On Fri, 23 Feb 2018 12:43:06 -0600, Python wrote:

> Even if testing optimized
> code is the point, as the article claims, it utterly fails to do that. 
> Bad science.

You've used that statement two or three times now.

*This isn't science*.

There's nothing scientific about writing benchmarks, or even objective. 
It is through and through subjective choices given a paper-thin patina of 
objectivity because the results include numbers.

But those numbers depend on the precise implementation of the benchmark. 
They depend on the machine you run them on, sometimes strongly enough 
that the order of which language is faster can swap. I remember a bug in 
Python's urllib module, I think it was, that made code using it literally 
hundreds of times slower on Windows than Linux or OS X.

The choice of algorithms used is not objective, or fair. Most of it is 
tradition: the famous "whetstone" benchmark apparently measures something 
which has little or no connection to anything software developers should 
care about. It, like the Dhrystone variant, were invented to benchmark 
CPU performance. The relevance to comparing languages is virtually zero.

    "As this data reveals, Dhrystone is not a particularly 
    representative sample of the kinds of instruction sequences
    that are typical of today's applications. The majority of 
    embedded applications make little use of the C libraries
    for example, and even desktop applications are unlikely to
    have such a high weighting of a very small number of
    specific library calls."


Take the Fibonacci double-recursion benchmark. Okay, it tests how well 
your language does at making millions of function calls. Why? How often 
do you make millions of function calls? For most application code, 
executing the function is far more costly than the overhead of calling 
it, and the call overhead is dwarfed by the rest of the application.

For many, many applications, the *entire* program run could take orders 
of magnitude fewer function calls than a single call to fib(38).

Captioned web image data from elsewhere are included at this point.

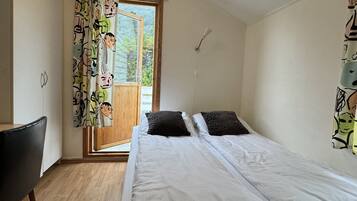 Basic Double Room, Partial Lake View | WiFi (free)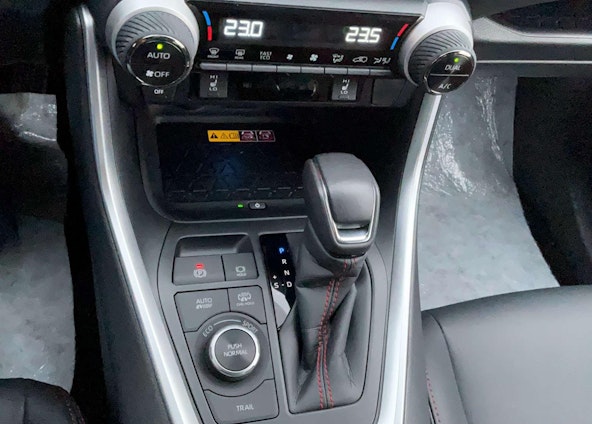 Vehicle image 9 Vehicle image 9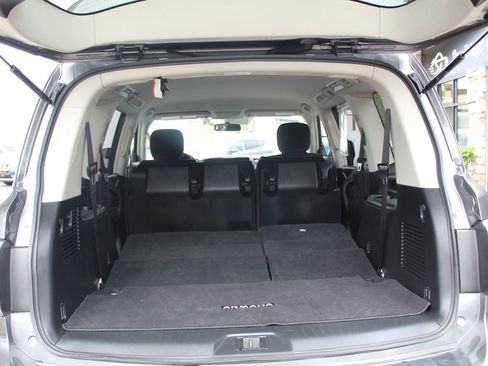 Used 2019 Nissan Armada SV image 15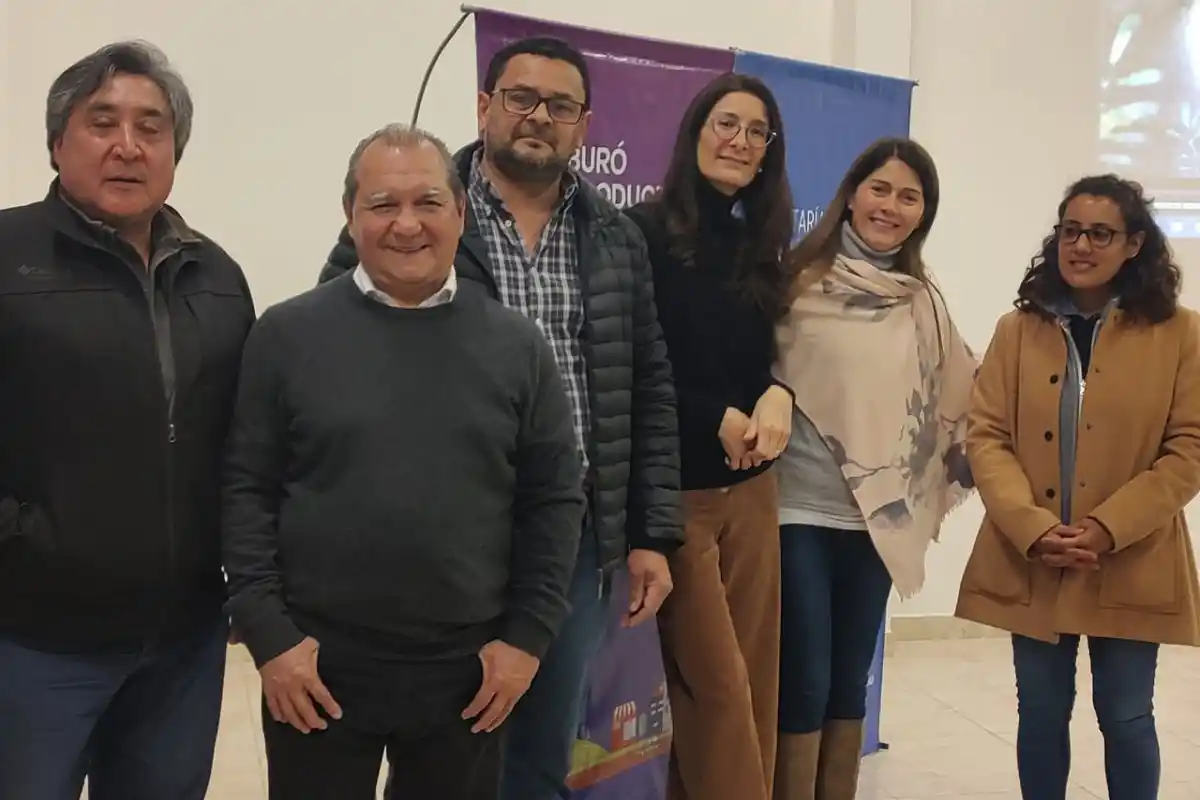 La Municipalidad, el INTI y la EET 1 planifican el desarrollo textil de la región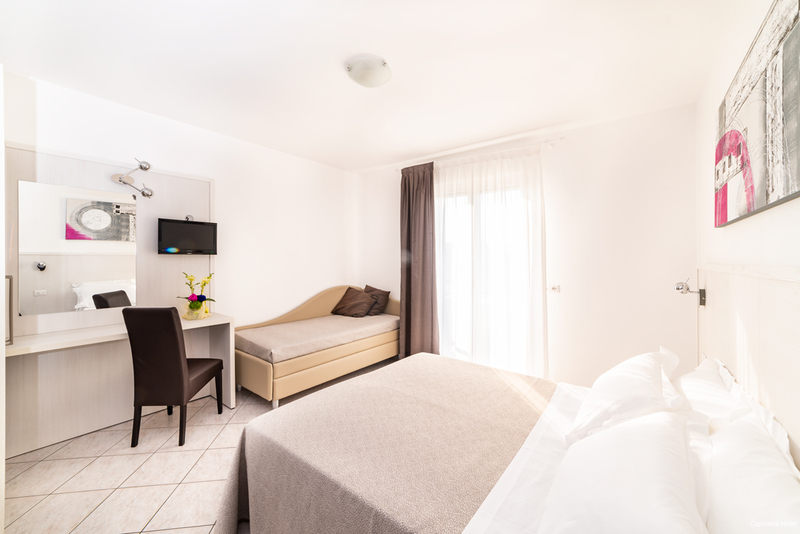 Фото Hotel Capinera
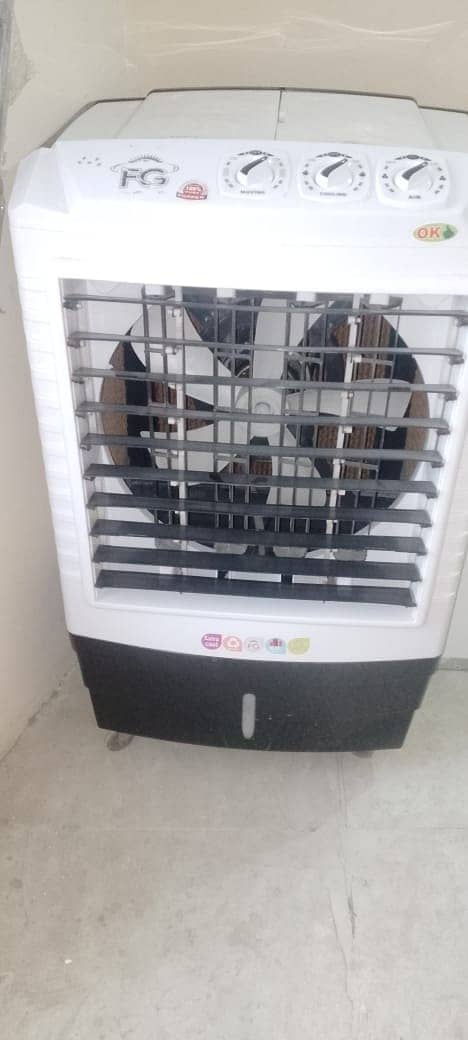 An FG room cooler is available for selling 1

If you have a language with tail recursion elimination, you can bet 
that's its benchmarks will include examples of tail recursion and tail 
recursion will be a favoured idiom in that language. If it doesn't, it 

I'm going to end with a quote:

    "And of course, the very success of a benchmark program is
    a danger in that people may tune their compilers and/or
    hardware to it, and with this action make it less useful."